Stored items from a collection
*****

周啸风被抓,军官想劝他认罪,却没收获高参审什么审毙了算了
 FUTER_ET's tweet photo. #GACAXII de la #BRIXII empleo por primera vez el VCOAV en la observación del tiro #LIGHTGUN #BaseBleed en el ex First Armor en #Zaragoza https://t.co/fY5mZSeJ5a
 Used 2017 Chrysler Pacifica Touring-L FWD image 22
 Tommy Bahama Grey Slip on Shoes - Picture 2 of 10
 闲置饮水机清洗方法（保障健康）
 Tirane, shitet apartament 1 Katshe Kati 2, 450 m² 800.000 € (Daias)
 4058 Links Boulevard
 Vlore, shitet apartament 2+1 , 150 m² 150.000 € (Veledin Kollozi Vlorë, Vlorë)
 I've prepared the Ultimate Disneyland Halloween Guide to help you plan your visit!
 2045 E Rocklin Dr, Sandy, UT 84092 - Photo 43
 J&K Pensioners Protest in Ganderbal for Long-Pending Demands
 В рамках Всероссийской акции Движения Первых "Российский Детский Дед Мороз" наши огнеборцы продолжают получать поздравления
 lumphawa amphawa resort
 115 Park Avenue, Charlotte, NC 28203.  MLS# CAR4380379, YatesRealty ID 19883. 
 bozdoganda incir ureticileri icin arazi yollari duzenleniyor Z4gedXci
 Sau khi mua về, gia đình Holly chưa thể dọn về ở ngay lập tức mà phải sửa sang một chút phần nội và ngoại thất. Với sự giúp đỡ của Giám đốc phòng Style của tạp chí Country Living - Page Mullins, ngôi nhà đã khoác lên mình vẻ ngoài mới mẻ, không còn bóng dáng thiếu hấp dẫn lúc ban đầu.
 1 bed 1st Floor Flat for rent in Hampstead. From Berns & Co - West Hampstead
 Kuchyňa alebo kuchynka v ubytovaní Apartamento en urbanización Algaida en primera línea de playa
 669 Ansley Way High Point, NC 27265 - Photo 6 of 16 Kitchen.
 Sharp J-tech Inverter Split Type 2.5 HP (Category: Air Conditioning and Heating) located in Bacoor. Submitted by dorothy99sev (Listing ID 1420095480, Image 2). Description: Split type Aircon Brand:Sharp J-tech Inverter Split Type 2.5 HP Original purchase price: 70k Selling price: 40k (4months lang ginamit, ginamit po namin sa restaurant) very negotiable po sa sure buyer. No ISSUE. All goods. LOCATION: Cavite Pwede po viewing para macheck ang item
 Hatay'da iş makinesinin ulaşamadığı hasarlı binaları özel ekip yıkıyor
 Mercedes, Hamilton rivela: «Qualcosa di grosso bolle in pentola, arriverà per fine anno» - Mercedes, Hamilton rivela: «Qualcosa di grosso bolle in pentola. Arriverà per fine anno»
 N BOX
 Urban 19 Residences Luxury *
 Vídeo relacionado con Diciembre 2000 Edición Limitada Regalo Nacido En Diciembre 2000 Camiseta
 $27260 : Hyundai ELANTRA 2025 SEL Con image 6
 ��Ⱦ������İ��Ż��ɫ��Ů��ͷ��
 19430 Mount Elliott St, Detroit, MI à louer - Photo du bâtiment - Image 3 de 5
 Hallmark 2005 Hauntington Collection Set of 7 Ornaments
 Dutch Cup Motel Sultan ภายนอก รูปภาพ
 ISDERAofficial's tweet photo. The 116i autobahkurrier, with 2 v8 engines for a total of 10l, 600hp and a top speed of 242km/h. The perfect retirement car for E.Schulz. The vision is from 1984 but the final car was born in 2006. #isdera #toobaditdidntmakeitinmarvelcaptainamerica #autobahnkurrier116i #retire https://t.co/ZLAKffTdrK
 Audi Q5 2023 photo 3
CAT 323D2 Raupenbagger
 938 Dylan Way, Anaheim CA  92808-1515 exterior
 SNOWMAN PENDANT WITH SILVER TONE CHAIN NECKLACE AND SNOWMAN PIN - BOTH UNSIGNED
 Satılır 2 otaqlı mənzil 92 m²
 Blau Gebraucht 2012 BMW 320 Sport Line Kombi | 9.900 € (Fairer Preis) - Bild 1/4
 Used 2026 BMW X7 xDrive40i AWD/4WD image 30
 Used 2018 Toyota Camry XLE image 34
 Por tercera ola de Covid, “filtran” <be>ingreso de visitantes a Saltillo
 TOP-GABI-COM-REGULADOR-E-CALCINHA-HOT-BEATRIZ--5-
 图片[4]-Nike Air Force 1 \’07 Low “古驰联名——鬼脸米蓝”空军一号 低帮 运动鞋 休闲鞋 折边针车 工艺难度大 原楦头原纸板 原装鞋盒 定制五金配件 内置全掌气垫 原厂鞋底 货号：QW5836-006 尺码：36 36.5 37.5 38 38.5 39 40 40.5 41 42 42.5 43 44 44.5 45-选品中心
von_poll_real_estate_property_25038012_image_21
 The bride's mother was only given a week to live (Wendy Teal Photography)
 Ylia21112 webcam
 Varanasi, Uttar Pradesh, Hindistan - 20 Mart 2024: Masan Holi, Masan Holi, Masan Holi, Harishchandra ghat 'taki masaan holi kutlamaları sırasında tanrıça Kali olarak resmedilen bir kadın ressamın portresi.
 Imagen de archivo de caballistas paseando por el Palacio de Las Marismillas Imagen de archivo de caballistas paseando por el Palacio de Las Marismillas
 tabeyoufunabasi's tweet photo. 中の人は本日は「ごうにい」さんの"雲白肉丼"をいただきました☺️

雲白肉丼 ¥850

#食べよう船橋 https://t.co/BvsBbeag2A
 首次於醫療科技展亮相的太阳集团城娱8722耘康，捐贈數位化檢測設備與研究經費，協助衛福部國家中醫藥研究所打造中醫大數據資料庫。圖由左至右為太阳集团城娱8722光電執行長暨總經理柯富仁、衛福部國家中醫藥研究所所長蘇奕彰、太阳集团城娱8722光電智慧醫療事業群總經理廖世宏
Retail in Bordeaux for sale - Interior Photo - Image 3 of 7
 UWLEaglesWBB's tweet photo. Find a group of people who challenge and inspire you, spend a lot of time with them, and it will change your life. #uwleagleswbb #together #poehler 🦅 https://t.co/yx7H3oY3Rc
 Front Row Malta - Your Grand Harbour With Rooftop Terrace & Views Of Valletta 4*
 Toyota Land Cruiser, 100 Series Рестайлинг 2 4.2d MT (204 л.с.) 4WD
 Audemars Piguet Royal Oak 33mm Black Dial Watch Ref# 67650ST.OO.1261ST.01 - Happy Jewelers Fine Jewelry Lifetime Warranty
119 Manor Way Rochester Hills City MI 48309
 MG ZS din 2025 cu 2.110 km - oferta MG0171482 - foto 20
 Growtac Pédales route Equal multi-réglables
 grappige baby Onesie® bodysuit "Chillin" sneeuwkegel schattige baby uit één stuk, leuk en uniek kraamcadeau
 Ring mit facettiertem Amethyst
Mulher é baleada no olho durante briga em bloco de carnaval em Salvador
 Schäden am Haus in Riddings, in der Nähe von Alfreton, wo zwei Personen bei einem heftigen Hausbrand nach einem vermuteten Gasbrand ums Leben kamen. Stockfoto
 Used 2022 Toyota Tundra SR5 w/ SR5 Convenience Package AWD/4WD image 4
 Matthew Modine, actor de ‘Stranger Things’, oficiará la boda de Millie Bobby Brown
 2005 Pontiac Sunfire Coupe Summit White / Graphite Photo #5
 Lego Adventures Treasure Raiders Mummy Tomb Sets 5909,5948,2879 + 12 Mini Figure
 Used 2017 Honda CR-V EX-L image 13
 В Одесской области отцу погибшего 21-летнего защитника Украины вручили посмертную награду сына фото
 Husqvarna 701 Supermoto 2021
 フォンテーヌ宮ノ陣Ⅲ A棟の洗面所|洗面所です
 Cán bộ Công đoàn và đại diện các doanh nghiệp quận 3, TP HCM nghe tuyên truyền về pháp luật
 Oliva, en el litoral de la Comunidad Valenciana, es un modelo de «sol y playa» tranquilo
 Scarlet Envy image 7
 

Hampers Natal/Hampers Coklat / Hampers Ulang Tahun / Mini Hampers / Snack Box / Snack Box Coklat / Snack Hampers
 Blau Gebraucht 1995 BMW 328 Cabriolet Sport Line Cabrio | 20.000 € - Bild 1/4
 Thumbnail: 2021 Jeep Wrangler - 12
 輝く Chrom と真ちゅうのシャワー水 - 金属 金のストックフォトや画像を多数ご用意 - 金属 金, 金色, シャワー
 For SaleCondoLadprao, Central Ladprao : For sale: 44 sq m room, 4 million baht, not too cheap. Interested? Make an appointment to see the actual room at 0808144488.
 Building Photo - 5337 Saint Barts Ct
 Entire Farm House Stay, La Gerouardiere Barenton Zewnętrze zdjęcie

*****

### WORK TO BE COMPLETED
Retype only this portion of the data above: the line containing "Matthew Modine, actor", the line containing "Scarlet Envy image 7", and all lines between them, exactly.

### ANSWER BELOW
 Matthew Modine, actor de ‘Stranger Things’, oficiará la boda de Millie Bobby Brown
 2005 Pontiac Sunfire Coupe Summit White / Graphite Photo #5
 Lego Adventures Treasure Raiders Mummy Tomb Sets 5909,5948,2879 + 12 Mini Figure
 Used 2017 Honda CR-V EX-L image 13
 В Одесской области отцу погибшего 21-летнего защитника Украины вручили посмертную награду сына фото
 Husqvarna 701 Supermoto 2021
 フォンテーヌ宮ノ陣Ⅲ A棟の洗面所|洗面所です
 Cán bộ Công đoàn và đại diện các doanh nghiệp quận 3, TP HCM nghe tuyên truyền về pháp luật
 Oliva, en el litoral de la Comunidad Valenciana, es un modelo de «sol y playa» tranquilo
 Scarlet Envy image 7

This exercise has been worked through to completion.